In recent years, diversity has moved from being an important aspect of the equality agenda to a business imperative, especially in delivering investment performance. At UBS Asset Management, we want to actively challenge both internal and external mindsets around the business imperative for diversity.
As the world has started speaking more openly about systemic racism, the role of allies has received renewed attention. The Oxford English Dictionary defines ’ally’ as a person or organization that cooperates with others for mutual benefit. In our context, we think about it as fostering a culture of allies in the workforce, helping to drive real change for diversity and inclusion. Our discussion today is about what it means to be an ally, and what each of us can do to help drive positive change.
It's fairly well established now that with regard to opportunity, allies have a much greater capacity to move the needle on diversity and inclusion, than the individuals who are directly affected. A recent study1 found that when individuals engaged in diversity and inclusion efforts on their own behalf they were usually either minorities or women, and they were often penalized for that. But if somebody stepped in on their behalf, they were not penalized for engaging in that behavior. It's very intuitive that sometimes we are a better advocate for others than we are for ourselves.

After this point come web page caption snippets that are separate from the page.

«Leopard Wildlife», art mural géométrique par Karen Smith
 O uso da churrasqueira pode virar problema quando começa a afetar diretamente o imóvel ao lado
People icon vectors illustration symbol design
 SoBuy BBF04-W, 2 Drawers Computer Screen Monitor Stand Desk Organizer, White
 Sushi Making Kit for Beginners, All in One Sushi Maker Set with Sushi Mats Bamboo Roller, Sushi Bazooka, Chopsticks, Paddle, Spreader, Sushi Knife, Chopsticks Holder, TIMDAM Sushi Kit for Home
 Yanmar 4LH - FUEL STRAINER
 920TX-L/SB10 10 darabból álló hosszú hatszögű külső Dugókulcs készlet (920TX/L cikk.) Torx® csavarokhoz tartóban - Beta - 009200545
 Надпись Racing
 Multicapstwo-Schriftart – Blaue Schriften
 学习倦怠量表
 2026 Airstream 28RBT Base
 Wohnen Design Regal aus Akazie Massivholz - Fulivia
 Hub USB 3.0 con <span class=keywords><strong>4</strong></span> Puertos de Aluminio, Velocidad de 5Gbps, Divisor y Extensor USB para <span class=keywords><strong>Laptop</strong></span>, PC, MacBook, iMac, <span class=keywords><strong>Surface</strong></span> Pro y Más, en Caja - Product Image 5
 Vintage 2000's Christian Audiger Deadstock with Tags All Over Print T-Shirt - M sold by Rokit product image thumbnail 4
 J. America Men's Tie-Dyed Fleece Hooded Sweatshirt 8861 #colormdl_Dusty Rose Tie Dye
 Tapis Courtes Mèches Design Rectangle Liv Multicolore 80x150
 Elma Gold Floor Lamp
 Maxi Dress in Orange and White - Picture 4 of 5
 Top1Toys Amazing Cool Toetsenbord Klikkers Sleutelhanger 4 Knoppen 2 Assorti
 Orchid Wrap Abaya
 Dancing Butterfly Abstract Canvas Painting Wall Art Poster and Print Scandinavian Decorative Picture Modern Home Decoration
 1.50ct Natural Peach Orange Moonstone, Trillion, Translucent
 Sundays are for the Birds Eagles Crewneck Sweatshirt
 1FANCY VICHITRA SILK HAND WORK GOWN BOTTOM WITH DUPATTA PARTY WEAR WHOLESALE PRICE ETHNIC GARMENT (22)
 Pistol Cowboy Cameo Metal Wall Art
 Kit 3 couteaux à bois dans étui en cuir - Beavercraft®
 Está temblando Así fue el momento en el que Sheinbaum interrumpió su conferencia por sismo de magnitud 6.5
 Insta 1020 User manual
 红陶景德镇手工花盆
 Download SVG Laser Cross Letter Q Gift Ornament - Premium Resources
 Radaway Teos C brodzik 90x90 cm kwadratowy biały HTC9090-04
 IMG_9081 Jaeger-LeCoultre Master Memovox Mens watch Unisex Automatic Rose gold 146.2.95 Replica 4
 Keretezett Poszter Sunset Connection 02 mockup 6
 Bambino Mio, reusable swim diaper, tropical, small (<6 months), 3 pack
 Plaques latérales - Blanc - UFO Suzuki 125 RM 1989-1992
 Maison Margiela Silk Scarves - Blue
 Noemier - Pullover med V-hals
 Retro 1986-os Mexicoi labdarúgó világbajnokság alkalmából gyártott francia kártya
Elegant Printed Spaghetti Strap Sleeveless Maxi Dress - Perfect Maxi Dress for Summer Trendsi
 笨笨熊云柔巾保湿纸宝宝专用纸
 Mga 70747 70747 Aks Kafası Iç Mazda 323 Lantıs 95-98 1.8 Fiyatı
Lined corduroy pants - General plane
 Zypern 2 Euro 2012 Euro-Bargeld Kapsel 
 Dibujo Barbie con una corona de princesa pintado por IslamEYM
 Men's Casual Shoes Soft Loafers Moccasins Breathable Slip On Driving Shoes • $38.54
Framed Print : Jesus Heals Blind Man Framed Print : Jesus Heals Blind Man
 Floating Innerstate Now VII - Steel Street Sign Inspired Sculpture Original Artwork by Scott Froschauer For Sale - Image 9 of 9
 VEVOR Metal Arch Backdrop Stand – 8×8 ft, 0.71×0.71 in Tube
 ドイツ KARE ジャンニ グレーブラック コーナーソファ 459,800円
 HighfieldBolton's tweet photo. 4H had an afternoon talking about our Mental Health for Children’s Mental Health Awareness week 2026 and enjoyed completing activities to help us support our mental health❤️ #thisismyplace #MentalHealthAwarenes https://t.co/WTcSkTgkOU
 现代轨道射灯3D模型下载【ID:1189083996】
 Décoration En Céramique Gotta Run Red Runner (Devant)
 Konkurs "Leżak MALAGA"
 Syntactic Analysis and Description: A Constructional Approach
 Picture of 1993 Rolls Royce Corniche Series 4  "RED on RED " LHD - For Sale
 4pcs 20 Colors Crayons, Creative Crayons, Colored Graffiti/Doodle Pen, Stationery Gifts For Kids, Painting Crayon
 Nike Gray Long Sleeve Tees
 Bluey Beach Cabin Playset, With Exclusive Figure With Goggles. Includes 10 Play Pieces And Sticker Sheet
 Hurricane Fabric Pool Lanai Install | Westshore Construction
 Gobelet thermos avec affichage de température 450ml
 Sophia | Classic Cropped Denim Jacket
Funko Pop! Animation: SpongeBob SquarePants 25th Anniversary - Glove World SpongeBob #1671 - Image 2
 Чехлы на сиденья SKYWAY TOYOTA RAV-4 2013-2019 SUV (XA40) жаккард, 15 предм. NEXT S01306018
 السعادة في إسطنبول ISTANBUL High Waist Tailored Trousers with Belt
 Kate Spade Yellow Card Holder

There are three distinct phases of the allyship model that I think of as a maturity curve that people often move through intuitively – from being an ally to one, to an ally to some and finally an ally to all. It involves a shift in mindset where we’re focused on everyone being inclusive to achieve mutual benefit.
Many people ask how to move from one phase to the other. And so we've developed a tool called the empathy triangle representing the three parties involved from the Ally’s perspective. These are questions that you need to ask of yourselves when you step up to be an ally, that will help you empathetically engage and not go barreling in, but also not to be frozen into inaction.
(Click to enlarge)
This chart prepared by the Center for Diversity, Inclusion, and Belonging of the NYU School of Law, explains its Allyship Model for helping others who may be subject to non-inclusive behavior and its Empathy Triangle that provides a guide for reflection for allies, affected persons and sources of non-inclusive behavior.
Being an ally to me is fundamental and I think it's something that we all recognize.
One of the old platitudes you always hear is that every decision made about your career opportunities is made when you're not in the room, and that by definition means that you have to have an ally in that room. What that means is someone thinking differently within that group to be the ally to diversity or inclusion. Allyship is absolutely critical to moving an organization forward.
One example that comes to mind is from the trading floor. I managed trading floors for a very long time, and the classic trading floor is centered around a trading desk that is run, almost universally, by a white male, who manages maybe 15 people and tends to like and gravitate to those people most like himself. That's human nature. When this person gets promoted or is moving on, the firm will ask him who his replacement should be. And it's typically going to be the white male that he's most familiar with and most comfortable with. Allyship at that level is breaking that cycle and developing a process where you have diverse panels to broaden out the thinking.
One of the things we are doing is examining systematically all of these systems we have and looking at the areas where unconscious bias or even blatant bias could exist, and looking to bring the light of day to those involved and change the way those processes work. And we're making progress but we certainly have a long way to go.